First, some terminology:
I’m talking primarily here about service discovery within applications (i.e., between microservices), rather than discovery for clients of the application, which most likely use some other discovery mechanism to look up the endpoint for the application-level API (note: a future article covers how using a single client-facing API Gateway to a set of independent microservices has its own pain points).
There are at least three reasons to have multiple copies/versions of a given piece of code deployed at the same time. If we have environments like QA, staging, and prod, such environments may be part of a pipeline (CI/CD or not). We may have multiple pipelines, say for long-lived development branches (at iRobot, a new product may need its own cloud software before it stabilizes enough to merge with other projects working on updates to existing robot and cloud software). We may also have sandbox environments that are disconnected from any pipeline. Within an environment, a deployment is a “constellation” of Lambda functions and other cloud resources that interact with each other and we may have multiple deployments within an environment, in service of a blue/green or red/black update. (A note on this: while FaaS often gets talked about in terms of “functions as the unit of deployment”, what I’ve seen is more that constellations are the unit of deployment — e.g., a CloudFormation stack — because any given function is coupled to resources it depends on and perhaps other functions it calls)
Let’s term a new deployment within an environment evolution, a deployment to the next step in a pipeline promotion, and the existence of multiple pipelines and isolated environments separation.
Next, the pain points:
We have found that stages in API Gateway and versions/aliases in Lambda really only support the use case of promotion without evolution, and even for that, there’s still some friction. It’s not possible to use stages or aliases to perform phased or incremental rollouts; it provides indirection, but the pointer is only update-in-place. I wrote an article recently about how this could be improved.
Additionally, the lack of upsert in the Lambda API means that separation is not well-supported, either.
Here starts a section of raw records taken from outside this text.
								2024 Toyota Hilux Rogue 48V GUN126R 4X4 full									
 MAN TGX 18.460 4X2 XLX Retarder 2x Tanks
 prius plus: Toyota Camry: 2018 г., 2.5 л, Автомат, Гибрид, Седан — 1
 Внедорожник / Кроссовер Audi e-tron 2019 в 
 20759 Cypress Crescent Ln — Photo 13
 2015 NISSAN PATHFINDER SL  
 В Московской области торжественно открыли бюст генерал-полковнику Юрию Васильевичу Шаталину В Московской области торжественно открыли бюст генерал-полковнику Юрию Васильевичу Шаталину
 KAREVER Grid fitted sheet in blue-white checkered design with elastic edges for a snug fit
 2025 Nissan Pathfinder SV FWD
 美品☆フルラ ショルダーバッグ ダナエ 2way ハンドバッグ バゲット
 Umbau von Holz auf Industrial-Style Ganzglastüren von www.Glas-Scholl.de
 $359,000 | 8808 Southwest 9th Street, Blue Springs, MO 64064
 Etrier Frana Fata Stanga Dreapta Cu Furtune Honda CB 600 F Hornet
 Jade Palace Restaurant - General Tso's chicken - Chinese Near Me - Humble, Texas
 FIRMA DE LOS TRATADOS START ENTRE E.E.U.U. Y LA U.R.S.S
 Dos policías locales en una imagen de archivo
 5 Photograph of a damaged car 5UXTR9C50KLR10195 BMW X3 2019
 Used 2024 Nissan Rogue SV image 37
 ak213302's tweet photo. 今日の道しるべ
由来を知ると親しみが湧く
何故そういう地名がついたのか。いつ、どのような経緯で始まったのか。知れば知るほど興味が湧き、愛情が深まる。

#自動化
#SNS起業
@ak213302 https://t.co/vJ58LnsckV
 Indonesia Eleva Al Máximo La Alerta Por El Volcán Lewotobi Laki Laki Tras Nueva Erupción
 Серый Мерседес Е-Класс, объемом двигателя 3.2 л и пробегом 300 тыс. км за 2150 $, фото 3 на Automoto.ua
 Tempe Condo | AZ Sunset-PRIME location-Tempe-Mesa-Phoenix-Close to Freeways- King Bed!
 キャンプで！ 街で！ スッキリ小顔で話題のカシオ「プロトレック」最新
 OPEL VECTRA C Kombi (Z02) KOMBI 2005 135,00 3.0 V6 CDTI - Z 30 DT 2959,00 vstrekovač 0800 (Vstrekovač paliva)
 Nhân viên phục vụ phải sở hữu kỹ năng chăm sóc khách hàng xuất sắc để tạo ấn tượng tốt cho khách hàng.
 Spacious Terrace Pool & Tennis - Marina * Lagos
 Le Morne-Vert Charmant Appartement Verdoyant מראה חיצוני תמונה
If multiple separated environments use the same Lambda names, but separate themselves using aliases, the first environment must know to create the Lambda, and when tearing down an environment, it must be known whether other environments still exist that use that Lambda name (if so, it can’t be deleted).
API Gateway suffers from similar restrictions, not least of which is that there’s only one “staging” area to set up an API before deployment, leading to crosstalk if multiple environments are trying to create their own resources for their own deployments/stages at the same time. Swagger import is more transactional, but only works at the API level, not the deployment or stage level.
I think this all applies whether “deployment” means a single microservice, or a collection of microservices that form an application. For an individual microservice deployment, all the resources within it are probably known at deployment time, and so it’s most likely feasible to wire them together directly (e.g., putting resource ARNs in env vars), and it is probably possible to eliminate circular references (which make deployment-time injection impossible). But for an application, each microservice would be deployed independently, and circular references between microservices may be necessary — which means that for any given microservice, there may be information it needs that is not available at deployment time. This means that some information has to be looked up at runtime.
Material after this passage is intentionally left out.